The soldiers' vote was crucial in many other states. New York allowed its soldiers to vote in the field, and each party sent three commissioners to Grant's armies. The Democratic commissioners, however, landed in Washington's Old Capitol Prison, where they remained until January. Moreover, the Democrats charged, many soldiers voted Democratic in their camps only to have their ballots switched in the post offices. The Democrats diligently dug up several sick soldiers who, having voted earlier in the hospitals, got home in time to vote — and found Republican ballots in their envelopes." In addition, on the eve of the election, troops arrived on furlough from the Eastern armies.
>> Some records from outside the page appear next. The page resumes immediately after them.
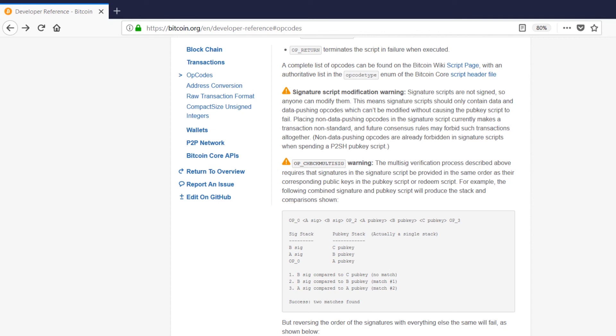The main thing I'd like you to get out of this video is that the Bitcoin scripting language is a super bare bones and memory efficient scripting language designed for a specific purpose, and that is being the gatekeeper for spending coins.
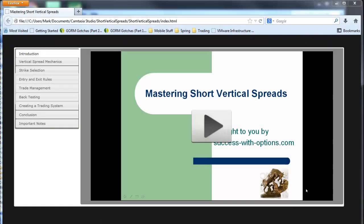Hi there, Mark here from Success With Options. Well, I'm super excited to be announcing the Mastering Short Vertical Spreads video.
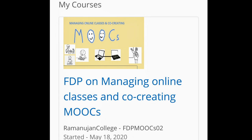I appeal to all participants, students, and teachers to join such courses. I am very happy that Ramanujan College has provided this wonderful opportunity, so we must take benefit of it. Thank you to the organizers for giving me this wonderful opportunity to learn how to use these tools for online teaching. Thank you.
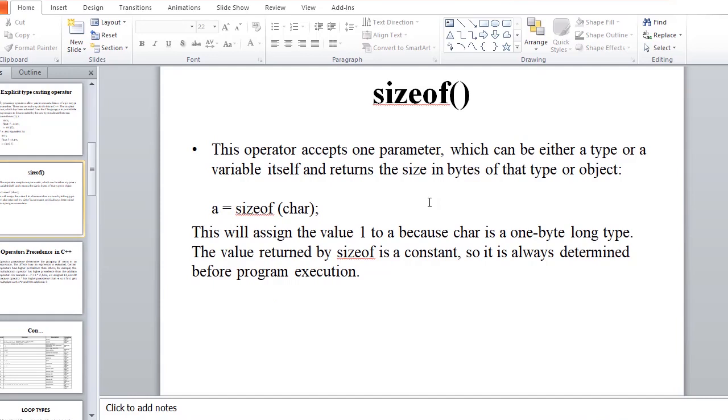We can use the sizeof operator. The sizeof operator accepts one parameter which can be either type or variable and returns the size in bytes of that type or object. For example, a assignment operator sizeof char. This will assign the value one to a because the char is one byte long type.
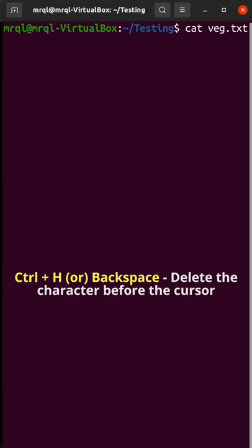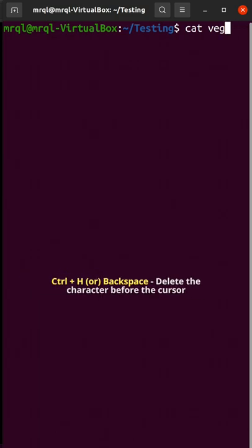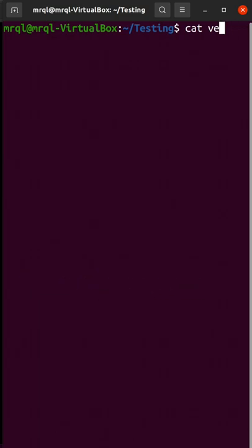If I try to use Ctrl+H, it will remove text character by character. Here you can see it is removing text character by character. Thanks for watching.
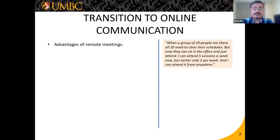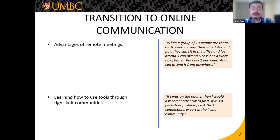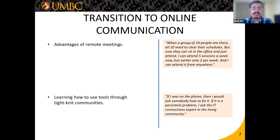As one participant said: 'When a group of 10 people are there, all 10 need to clear their schedules, but now they can sit in the office and just attend. I can attend five sessions a week now, but earlier only two per week, and I can attend from anywhere.' Older older adults talked about learning through tight-knit communities — they felt comfortable asking people around them for help and preferred relying on others rather than trial and error, saying things like: 'If it's a persistent problem, I would ask the IT connections expert in the living community.'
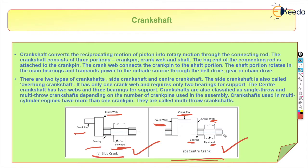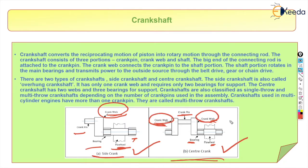The side crankshaft, also called the overhang crankshaft, has only one crank web and requires two bearings for support. The center crankshaft has two crank webs and three bearings. That is why one is called the center crank and the other is called the side crank.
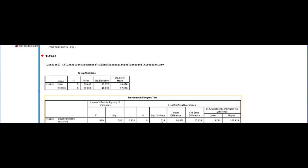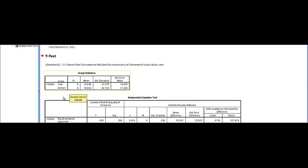And we have a two-tailed significance value, or p-value of .038, which is less than .05. So we can also say that there is a significant difference in this variable of histidine, between men and women.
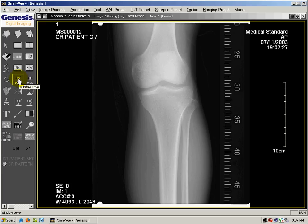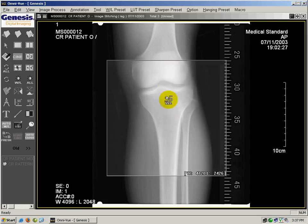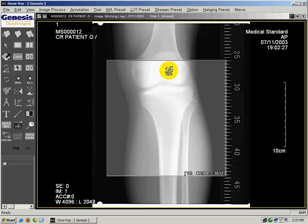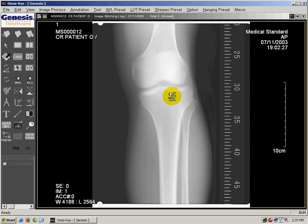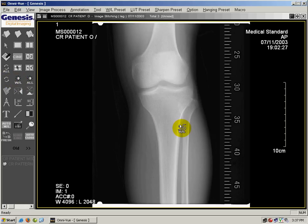To window level an image, you can left click and select the window level button. You can click and drag the mouse to adjust the brightness or contrast — left and right for contrast, up and down for brightness. If you want to undo any changes that you've made to an image, you can click on display original and that will revert the image back to normal.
Even with this aid the vote was close. Seymour polled 54,000 more votes than he had got in 1862. The Republican vote, however, had swollen even more enormously, and Lincoln polled 368,000 to McClellan's 362,000. Without the soldiers New York would have remained in the Democratic column.
Maryland's vote was clearly the product of federal bayonets. In October the citizens of Maryland voted on a new constitution, providing for emancipation and bearing a drastic proscription of Democrats. Although General Lew Wallace took control of the polls in Baltimore, the voters rejected the constitution by a majority of 2,000. But the proposed constitution had given votes to soldiers in the field, and 2,294 soldiers voted for it, and only 76 against. It took ten days to count the votes, but on October 29 Governor Bradford proclaimed the constitution in effect. This fortunate result came just in time for the November elections. On election day General Wallace again guarded the ballot boxes, and Baltimore cast nearly 15,000 votes for Lincoln to less than 3,000 for McClellan. The soldiers in the field completed the work, and Maryland gave Lincoln a majority of 7,000 in a total vote of 7o,000.
Ohio's soldiers voted in the field, and the votes were sent home to be counted. But it was difficult indeed for soldiers to vote for Ohio's [Democratic] general. There were not enough Democratic ballots to go round in the camps, and the soldiers who wished to vote for McClellan must either clip a sample ballot from a newspaper or laboriously transcribe, often with a borrowed pencil, the names of the Democratic electors. Those who failed to copy the list correctly had their votes declared invalid by the officers who supervised the voting in the field. It did not matter a great deal, however. Many of the packages containing the soldiers' votes were never opened. Ohio was safe for Lincoln, and the election clerks at home merely guessed at the distribution of the army's vote.
Before the end, there came one other change in the list of governors. On March 1, 1865, William Cannon, whom federal bayonets had raised to Delaware's governorship, died suddenly. His successor was Gove Salisbury, a physician who had been speaker of the Delaware Senate, and a vigorous personality who might, had it not already been too late, have struck still further blows for states' rights. His accession restored Delaware to the Democratic column.
No such crude tactics are necessary to control the outcome of an election today, for there's a much cleaner and far less obvious way to do it. The technology of computer science makes it possible to program a computer voting machine to produce the desired result regardless of whatever information is put into it.